What you will do:
Repeat every record exactly, omitting the pictures.

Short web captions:
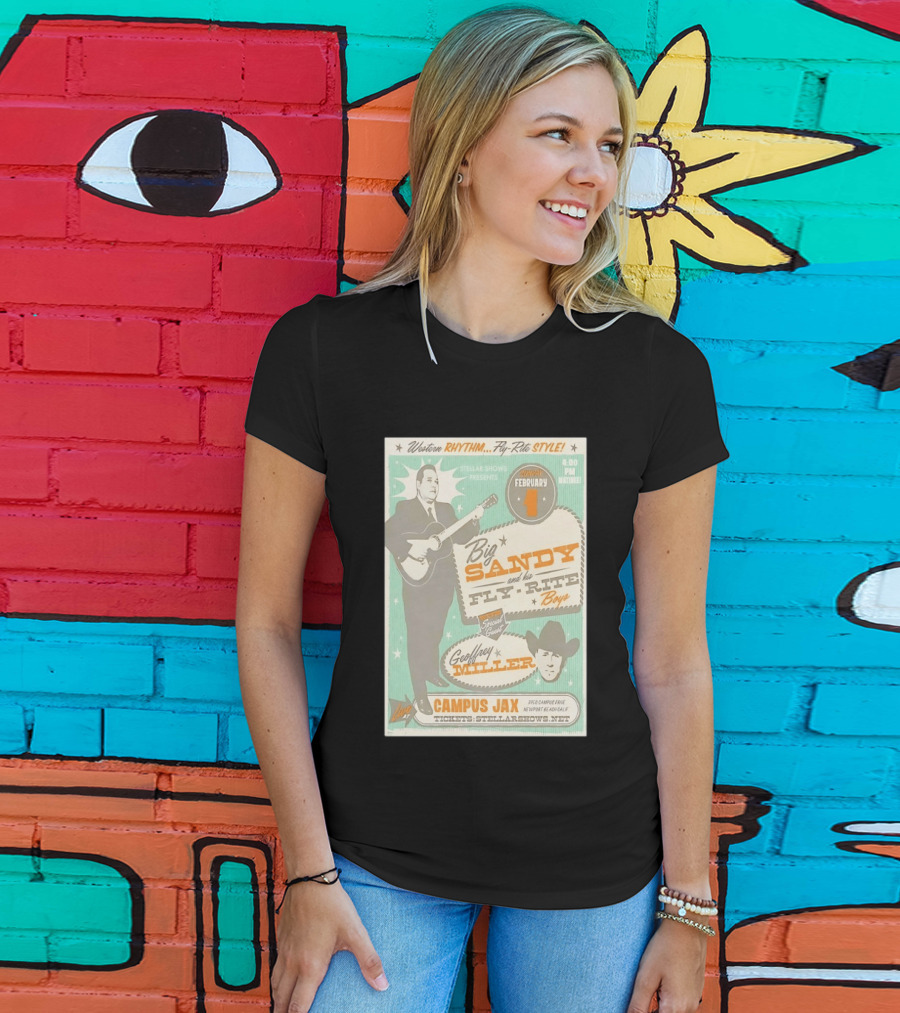 Big Sandy And His Fly Rite Boys Live At Campus Jax Newport Beach Feb 1 With Geoffrey Miller Special Guest T-Shirt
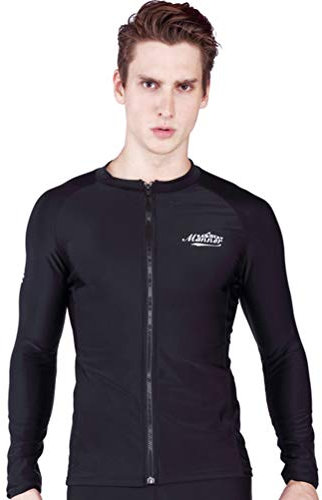 SABOLAY Mens Rash Guard Wetsuit Jacket Long Sleeve Full Zipper Neoprene Scuba Diving Surfing Swimming Top Blck 3XL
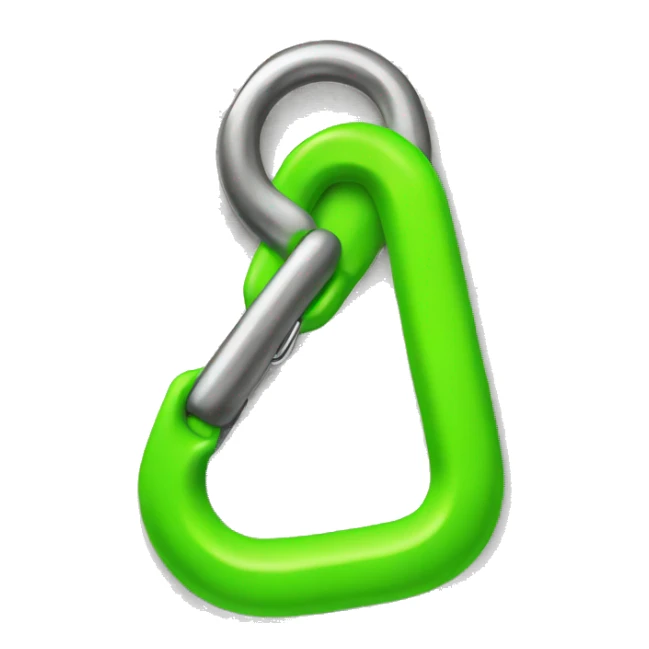 neon green climbing carabiner  sticker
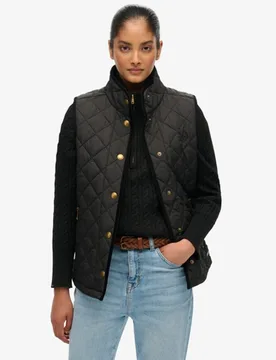 Superdry Damen Estate Country Liner Weste Black - Größe: 40 - 94.99 - FashionsVida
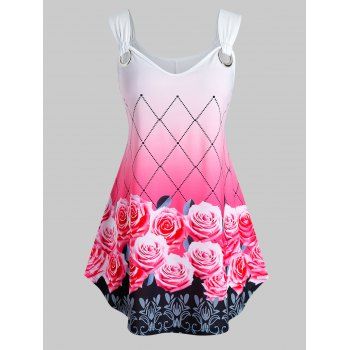 

Plus Size Floral Print Ombre Color Swing Tank Top, Violet red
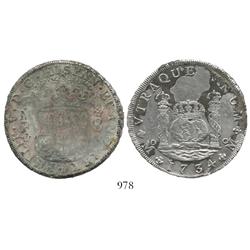 Mexico City, Mexico, pillar 8 reales, Philip V, 1734MF, half encrusted.
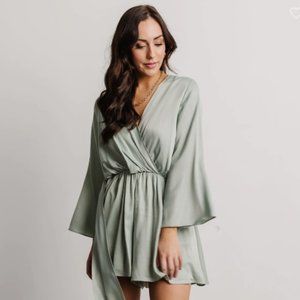 Sage Satin Romper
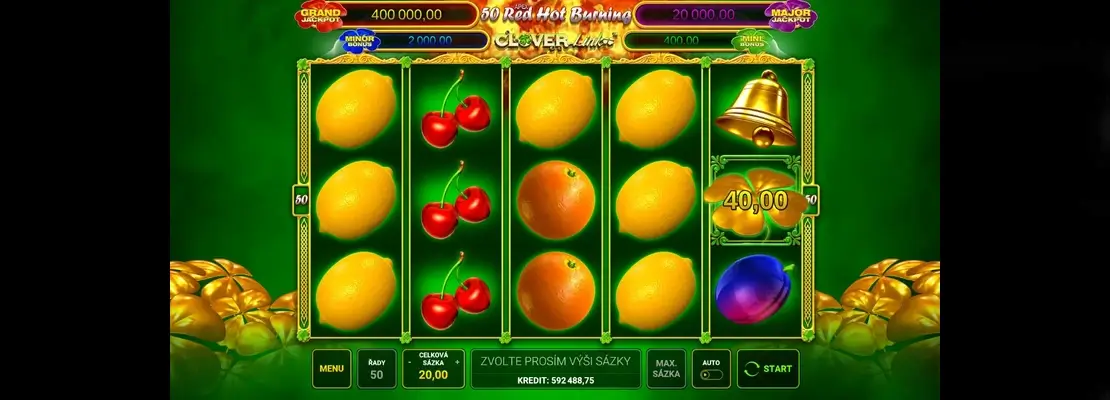 Spil 50 Red Hot Burning Clover Link gratis i demotilstand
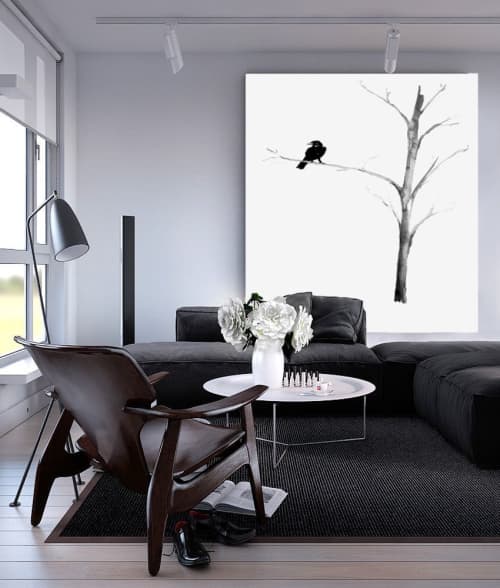 Raven in a Tree | Prints by Brazen Edwards Artist. Item composed of canvas and paper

Task output:
 Big Sandy And His Fly Rite Boys Live At Campus Jax Newport Beach Feb 1 With Geoffrey Miller Special Guest T-Shirt
 SABOLAY Mens Rash Guard Wetsuit Jacket Long Sleeve Full Zipper Neoprene Scuba Diving Surfing Swimming Top Blck 3XL
 neon green climbing carabiner  sticker
 Superdry Damen Estate Country Liner Weste Black - Größe: 40 - 94.99 - FashionsVida

Plus Size Floral Print Ombre Color Swing Tank Top, Violet red
 Mexico City, Mexico, pillar 8 reales, Philip V, 1734MF, half encrusted.
 Sage Satin Romper
 Spil 50 Red Hot Burning Clover Link gratis i demotilstand
 Raven in a Tree | Prints by Brazen Edwards Artist. Item composed of canvas and paper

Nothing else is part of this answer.